In order to deal with ultrahigh resolution spaceborne spotlight SAR on a curved orbit, the modified RMA is proposed in this paper. The modified RMA is developed to handle the effect introduced by curved orbit in the scenario of spaceborne spotlight SAR. In the modified RMA, the 2D spectrum of echo data on a curved orbit is derived via the range model in [11] and series reversion. Then, the expression of 2D spectrum of reference point is utilized to perform reference function multiplication (RFM). After RFM operation, point at reference range has been fully focused, and a residual phase exists for targets at other ranges. Afterwards, SVD is utilized to numerically decompose the expression of 2D spectrum in order to acquire coordinates for Stolt interpolation. Subsequently, Stolt interpolation is implemented to perform the residual range cell migration correction, residual secondary range compression and residual azimuth compression. Then, focused image can be obtained via inverse 2D Fourier transform. Although the generalized ωK in [13] is capable of processing echo data on a curved orbit, the phase error caused by the first-order multivariable Taylor expansion seriously degrades image quality when resolution achieves 0.14 m. Meanwhile, the phase error induced by SVD is much smaller than the first-order multivariable Taylor expansion on numerical decomposition of 2D spectrum. As a result, the modified RMA performs better than the generalized ωK when resolution achieves 0.14 m in azimuth direction. The modified RMA is presented in this paper as a part of the proposed method.
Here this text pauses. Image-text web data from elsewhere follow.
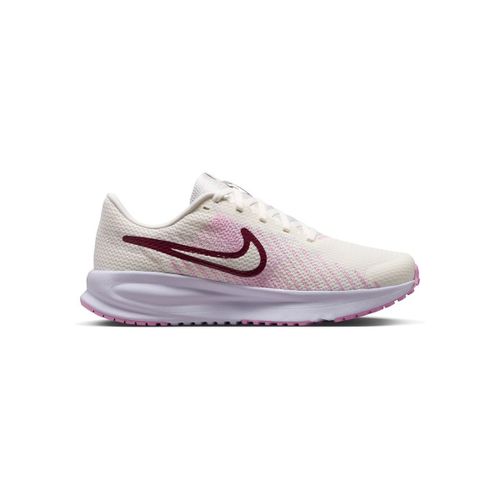 Chaussures Nike HM9593111 - Nike - Modalova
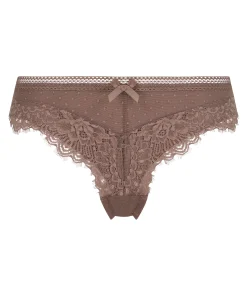 Cheap Brazilian Bessie Vrouwen Brazilians & V-Shapes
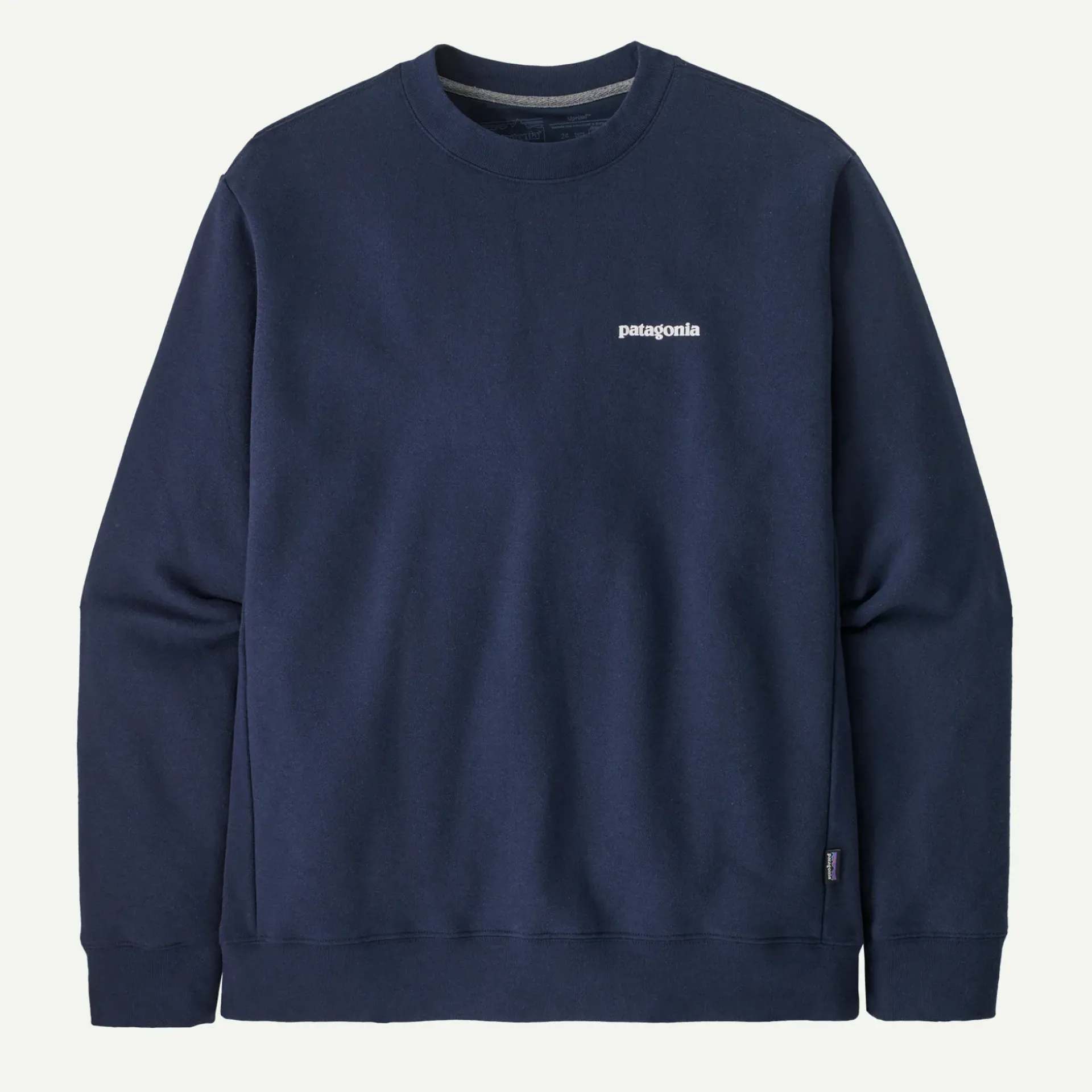 New P-6 Logo Uprisal Crew Sweatshirt Women Shop Women’S|Shop Men’S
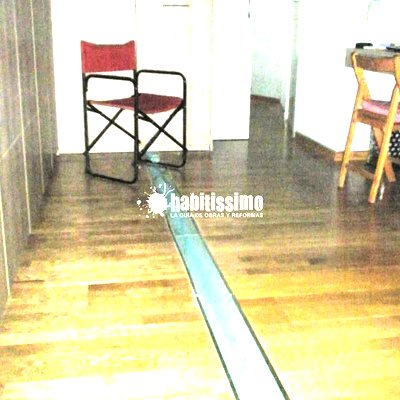 Reformas Viviendas, Electricidad, Construcciones Reformas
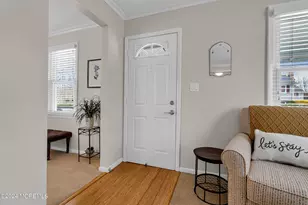219 Harrison Ave, Oakhurst, NJ 07755 - Photo 16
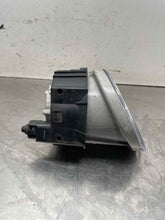 Load image into Gallery viewer, FOG LAMP LIGHT Legacy 13 14 15 16 17 18 19 Bumper Mounted Left - NW669734
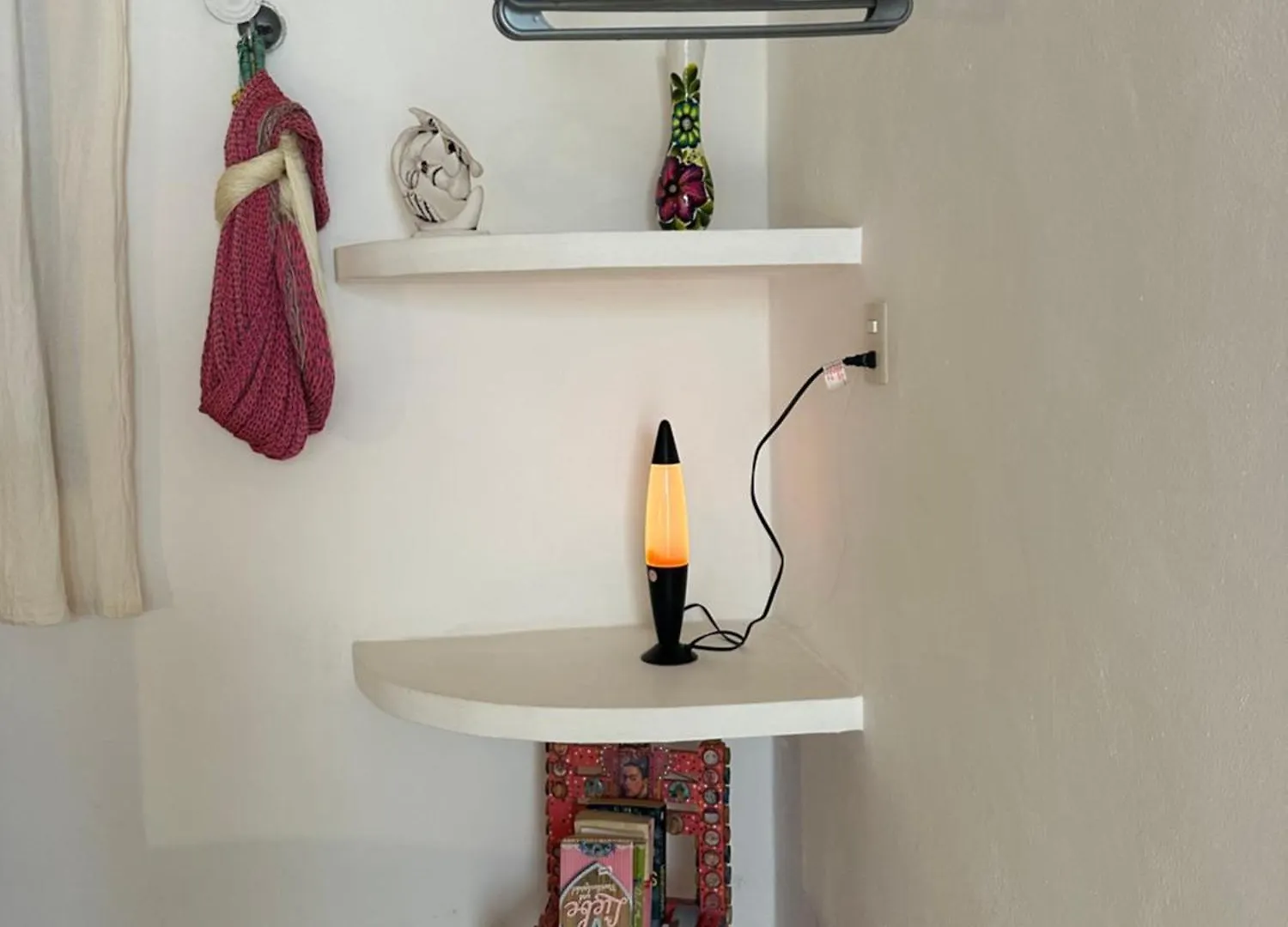 Casa Minerva Apartment Isla Holbox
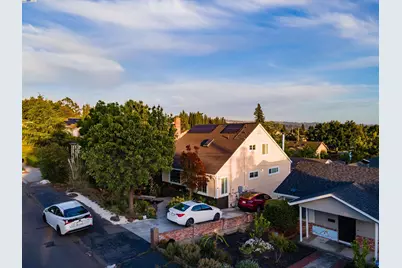 4381 James Ave, Castro Valley, CA 94546 - Photo 1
In addition to curved orbit, azimuth spectral aliasing is another problem which stems from high azimuth resolution requirement under the circumstance of LEO. The deramping-based approach for solving azimuth spectral aliasing is firstly proposed in [20] and extended to squinted spotlight SAR imaging in [21]. However, deramping-based approaches in [20,21] are only discussed under the condition that the SAR platform moves uniformly in a linear track. Orbital state vectors, which are capable of estimating Doppler parameters in the scenario of curved orbit, are implemented to modify deramping-based approach in order to accommodate the curved orbit in this paper. As a consequence, a modified deramping-based approach is presented in this paper as a part of the proposed method.

The proposed method comprises of modified RMA and modified deramping-based approach. The traditional RMA and the traditional deramping-based approach is only capable of dealing with the scenario of uniform linear motion. The modified RMA extends the traditional RMA to the scenario of curved orbit and the modified deramping-based approach achieves the same purpose. In addition, the modified RMA is developed based on the generalized ωK and has much smaller phase error than the generalized ωK when azimuth resolution achieves 0.14 m. Consequently, the proposed method performs better than the generalized ωK when azimuth resolution achieves 0.14 m in the situation of LEO on a curved orbit.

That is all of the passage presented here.